It is to be pointed out that in order to obtain a stable hydrosol which functions as a universal catalyst, the aqueous medium must be acidic. That is, the mixing of the noble metal salt and the organic compound must be done in a water medium which has been acidified by a suitable acid, e.g., HCl, H2 SO4, etc. Additionally, the pH of the resultant mixture should be controlled to prevent the formation of a discontinuous electroless metal deposit and to preserve the stability of the resultant hydrosol, as by preventing flocculation from occurring therein. It has been found that a pH ranging from 0.3 up to but less than 4.0 is preferred. If the pH is less than 0.3 a discontinuous electroless metal deposit may be obtained. If the pH is 4.0 or greater, then the hydrosol becomes unstable and a noble metal hydrous oxide or other oxygen containing species thereof precipitates therefrom and electroless metal deposition with the use thereof will not take place.
It is of course to be understood that the concentrations of both the noble metal salt and the organic compound employed as well as the pH maintained depends upon the particular compounds selected whereby a stable catalytic hydrosol is obtained. In this regard, such concentrations and pH maintenance are known or are easily ascertained experimentally by one skilled in the art in the light of the subject invention disclosed herein.

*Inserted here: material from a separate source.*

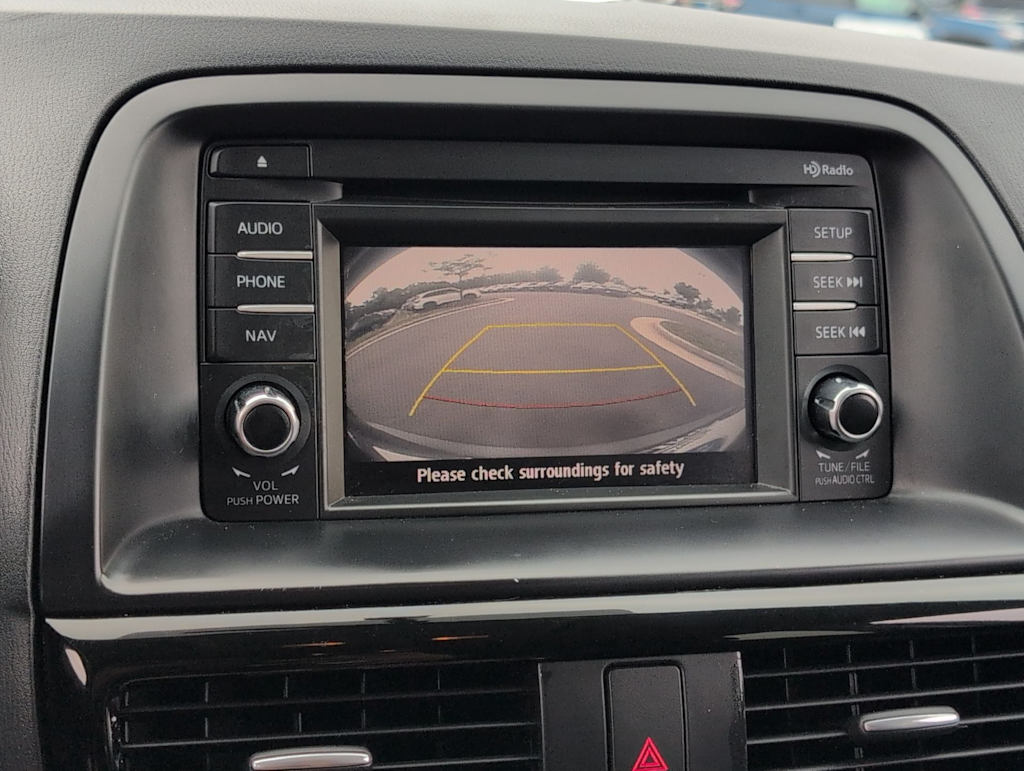 Thumbnail: 2014 Mazda CX-5 - 31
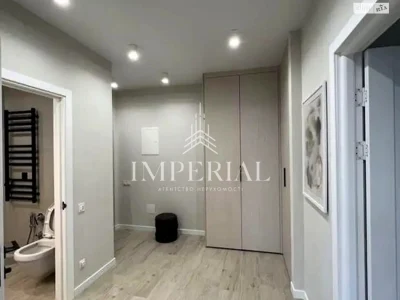 Long-Term Rental Apartment, Pecerky District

The mixture is heated at temperatures above room temperature (25° C.) ranging up to the boiling point of the mixture for a period of time sufficient to form the stable hydrosol. The stable hydrosol is typically characterized by a dark colored sol which does not change color upon additional heating, i.e., the color of the resultant sol remains constant with time at a particular temperature. Typically, the mixture is heated at 65°-75°C for a period of time ranging from 15 minutes to several hours whereby a stable hydrosol is obtained.
It is to be pointed out hereat that the time and temperature parameters for forming a stable hydrosol are interdependent and that variations in the temperature will require variations in the time whereby a stable catalytic hydrosol will be obtained. In this regard, the various parameters and their interaction between one another are known or can be easily ascertained by one skilled in the art in the light of the subject invention disclosed herein.
It is to be noted hereat that the colloidal particles contained in the hydrosol are hypothesized to be a hydrous oxide of the noble metal which has been complexed in some manner with the organic compound. However, it is to be stressed that the exact species or species contained in the hydrosol are not known and the subject invention is not to be limited thereby or to any hypothesis or mechanism.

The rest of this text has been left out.